Tuesday, February 17, 2009

The different between Count, Length, and Index

[This was originally posted at http://timstall.dotnetdevelopersjournal.com/the_different_between_count_length_and_index.htm]

When dealing with arrays and collections (like List), there are three integer "things" that can mess people up: Count, Length, and Index.

  • Count - refers to collections. This simply gets the number of items in the collection.
  • Length - refers to arrays. to quote: "Gets a 32-bit integer that represents the total number of elements in all the dimensions of the Array." (emphasis added). For a 1-d array, Count and Length seem similar. But for multi-dimensional arrays, the difference becomes apparent. A 3x2 array will have a length of 6. Because an array is allocate up front (as opposed to a collection that can grow or shrink), this conceptually makes sense. Length for an array doesn't change after declaration; Count for a List does (as you add or remove items).
  • Index - used by arrays, and some collections (like List), to indicate a specific item in the array or collection. Whereas Count and Length are 1-based properties, Index is a 0-based indexer.

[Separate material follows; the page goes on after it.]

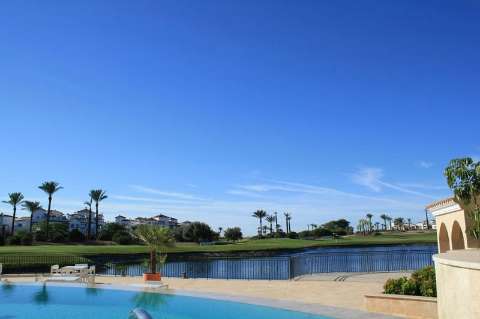Accommodation - DoubleTree by Hilton La Torre Golf and Spa Resort - Pool view - Murcia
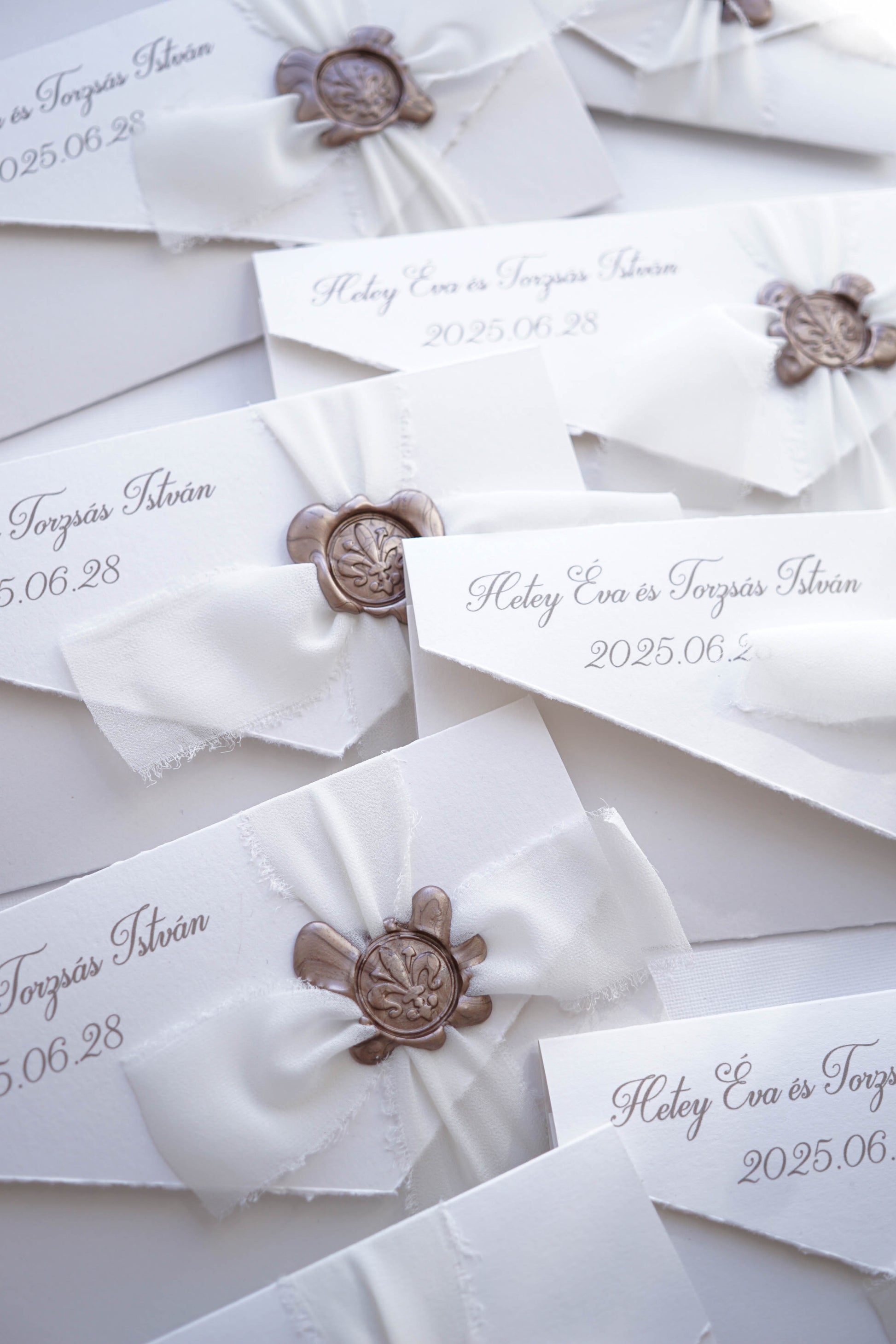 EM74 - Elegáns kinyitható meghívó viaszpecséttel és szalaggal-esküvői meghívó-Erdélyi Esküvői Meghívók-barokk minta,egyedi,elegáns,fehér,pezsgő-Erdélyi Esküvői Meghívók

This code snippet shows these in action:

    [TestMethod]
    public void TestMethod1()
    {
      //Length --> total number of items in the array
      //  acts like "Count" for a 1-d array
      string[] astr = new string[]{"a","b","c"};
      Assert.AreEqual(3, astr.Length);

      //  but very different for a 2-d array
      string[,] astr2 = new string[2, 3];
      Assert.AreEqual(6, astr2.Length); //Length = 2 * 3

      //Count --> 1-based
      List<string> lstr = new List<string>();
      lstr.Add("a");
      lstr.Add("b");
      Assert.AreEqual(2, lstr.Count);

      //Index --> 0-based
      Assert.AreEqual("a", astr[0]);
      Assert.AreEqual("b", lstr[1]);
     
    }

Monday, February 16, 2009

Real life: Taking down the Christmas lights and project failure

[This was originally posted at http://timstall.dotnetdevelopersjournal.com/real_life_taking_down_the_christmas_lights_and_project_fail.htm]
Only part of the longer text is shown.